R. – Alcune banche internazionali, come JP Morgan, Crédit Suisse, Barclays, Bank of China, stanno aprendo succursali in questi ultimi mesi, soprattutto in Sudafrica, perché cercano business, attratte da questi tassi di crescita che – in termini assoluti – sono bassi rispetto ai Paesi occidentali, ma comunque di rilievo se si considera che quest’anno il Pil africano in media cresce del 5,4 per cento secondo le stime del Fondo monetario internazionale (Fmi). Barclays, che in Africa è presente in diversi Paesi, ha 22 mila impiegati tra la sua banca e le banche controllate. Il fenomeno è successivo a quello dell’espansione cinese in Africa negli ultimi 10-15 anni, che ha cambiato un po’ le carte in tavola. E’ di qualche giorno fa la notizia che il Congresso americano ha approvato una legge bipartisan sulle esportazioni dagli Stati Uniti: loro prevedono nei prossimi dieci anni di triplicare le esportazioni verso i Paesi africani e credo che la concorrenza dei Paesi occidentali nelle partnership con questi Paesi, che hanno tutto da sviluppare, sia positiva perché aiuta la Cina a non avere appetiti neocoloniali.
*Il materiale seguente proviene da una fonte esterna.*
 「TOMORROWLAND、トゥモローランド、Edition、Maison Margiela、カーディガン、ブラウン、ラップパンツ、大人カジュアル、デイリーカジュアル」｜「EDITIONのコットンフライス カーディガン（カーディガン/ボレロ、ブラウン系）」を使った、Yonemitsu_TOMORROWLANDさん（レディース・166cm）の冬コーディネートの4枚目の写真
D. – In questo processo, giocano un ruolo anche i fondi speculativi?

R. – Per ora, per fortuna, no perché non ci sono grandi mercati finanziari. Il lavoro che fanno le banche anche di finanziare, di aiutare gli investimenti, prestare capitali, cercare di espandersi pian piano con la rete nei vari Paesi, è più un supporto dell’economia. Per ora la finanza, per fortuna, mi sembra ancora marginale.

D. – Non c’è il rischio che questo sviluppo economico si traduca in uno sviluppo a "macchia di leopardo", tanto per quanto riguarda le aree geografiche quanto per benefici che potrebbero riguardare le sole élite?

R. - Quando si parla di sviluppo in Africa ovviamente non si può pensare a uno sviluppo con i canoni occidentali. L’Africa è un continente dove il 70 per cento della popolazione vive in aree rurali, nei villaggi. L’Africa è come un treno dove ci sono vagoni che sono drammaticamente all’ultimo posto, pensiamo alla Somalia. In ogni caso, negli ultimi 15 anni, c’è stato un miglioramento, direi generale, delle condizioni. Il problema di questo sviluppo è che sia ordinato e che quindi non si creino, come sta succedendo, le megalopoli, le baraccopoli di persone che scappano dalle campagne e vanno verso le città, ma si cerchi di favorire anche uno sviluppo ordinato, per cui le persone riescono a lavorare anche nelle campagne.

D. - Quali sono le "locomotive" di questo possibile treno africano?

R. – Il Sudafrica è senz’altro una delle locomotive, come pure l’Egitto che si trova in un difficile momento di transizione, come l’Angola nella cui capitale una camera d’hotel costa più che a New York. O come la Nigeria devastata da questi problemi interni… Accanto a questi ce ne sono altri come il Mozambico, il Botswana, il Ghana che è il Paese che in assoluto ha avuto un aumento del Pil l’anno scorso più elevato al mondo, oltre il 20 per cento.

D. – Tra le storie di successo africane, c’è anche la comparsa di magnati locali che hanno accumulato patrimoni molto elevati…

R. – Ci sono tanti miliardari africani. A Lagos, in Nigeria – dove c’è già una concessionaria di auto inglesi, di Aston Martin e di Lamborghini – hanno aperto una filiale Porsche e contano di vendere almeno 100 Porsche all’anno nel Paese Sempre in Nigeria, ci sono marchi occidentali come Moet & Chandon, Louis Vuitton… I nuovi ricchi e questa classe media – i manager delle telecomunicazioni o manager nati accanto alle società pubbliche di diversi Paesi africani – la prima cosa che fanno è cercare di imitare il peggio dell’Occidente e il peggiore consumismo. Ovviamente, i marchi cosiddetti del lusso fanno il loro lavoro e sbarcano anche loro come le banche in Africa in cerca di affari.